To expand its presence in the Medicaid managed care market, Wellpoint this week announced the purchase of another managed care firm, Amerigroup, for nearly $4.5 billion. Earlier this year, Cigna jumped into the Medicare and Medicaid managed care business by purchasing Healthspring for $3.8 billion.

Both firms are betting on a growing trend by states to move their Medicaid patients from fee-for-service Medicaid to managed care. In many of these systems, states pay insurers a fixed fee, or capitated rate, to provide all care for enrollees. If the firm can provide care for lower costs than the state fee, it can keep the difference. If not, it is at-risk for the loss.

Nearly all states have moved young families who receive health care through Medicaid to managed care. But in recent years, at least 11 states have turned some or all of their long-term care supports and services to private insurers though such capitated systems. They range from Blue states such as New York, Washington, and Hawaii to Red states such as Texas, Arizona and Florida. In addition, two dozen states have applied for demonstration grants to provide experimental coordinated care programs for their elderly and disabled populations.
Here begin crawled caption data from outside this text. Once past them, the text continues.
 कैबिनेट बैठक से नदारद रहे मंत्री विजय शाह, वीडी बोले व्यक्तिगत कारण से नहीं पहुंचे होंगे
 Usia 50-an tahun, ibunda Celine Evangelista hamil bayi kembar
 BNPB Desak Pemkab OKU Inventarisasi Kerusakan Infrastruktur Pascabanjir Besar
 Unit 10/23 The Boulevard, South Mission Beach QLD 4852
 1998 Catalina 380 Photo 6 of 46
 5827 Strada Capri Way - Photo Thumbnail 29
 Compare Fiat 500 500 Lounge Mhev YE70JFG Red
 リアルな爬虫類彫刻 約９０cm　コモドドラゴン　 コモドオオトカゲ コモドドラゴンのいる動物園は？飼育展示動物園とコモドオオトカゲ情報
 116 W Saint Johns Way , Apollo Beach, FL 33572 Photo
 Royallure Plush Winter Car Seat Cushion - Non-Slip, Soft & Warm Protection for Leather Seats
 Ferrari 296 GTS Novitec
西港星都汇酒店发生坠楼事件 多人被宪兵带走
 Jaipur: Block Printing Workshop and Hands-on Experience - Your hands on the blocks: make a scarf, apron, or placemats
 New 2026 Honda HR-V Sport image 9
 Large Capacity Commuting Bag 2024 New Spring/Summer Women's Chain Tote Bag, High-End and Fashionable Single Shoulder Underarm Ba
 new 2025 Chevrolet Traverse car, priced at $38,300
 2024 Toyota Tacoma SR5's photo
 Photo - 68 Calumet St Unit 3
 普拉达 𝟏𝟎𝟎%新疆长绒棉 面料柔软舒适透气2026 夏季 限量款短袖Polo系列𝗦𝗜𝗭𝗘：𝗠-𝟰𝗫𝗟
Many consumers fear managed care for seniors will lower quality, as insurers try to save money by skimping on needed care. But insurers insist that by coordinating care, they can both save money by curbing unnecessary hospitalizations and tests and improve quality. One key to good systems will be excellent care managers who can organize complex care from many providers for those with multiple chronic diseases.  

For now, there is little evidence on how well this will work. Because the state programs are so different, we’ll learn a lot in the next few years about which practices succeed and which do not. States will have to keep a close eye on quality since many dual eligibles are too frail to advocate for themselves.

There is little doubt the managed care trend is rapidly gathering speed. Not just insurance companies but providers such as large health systems are increasingly willing to accept the financial risk of caring for patients. And cash strapped-states are increasingly willing to turn over this care to them.

As I have written before, this trend creates another opportunity. If insurers (or big health systems) are able to boost quality and save money by linking long-term care services with medical care for the dual eligibles, there is no reason such a model could not work with Medicare managed care or even the commercial health care market. And if it can, that creates an opportunity to rethink long-term care insurance as a health care product, and not a life product.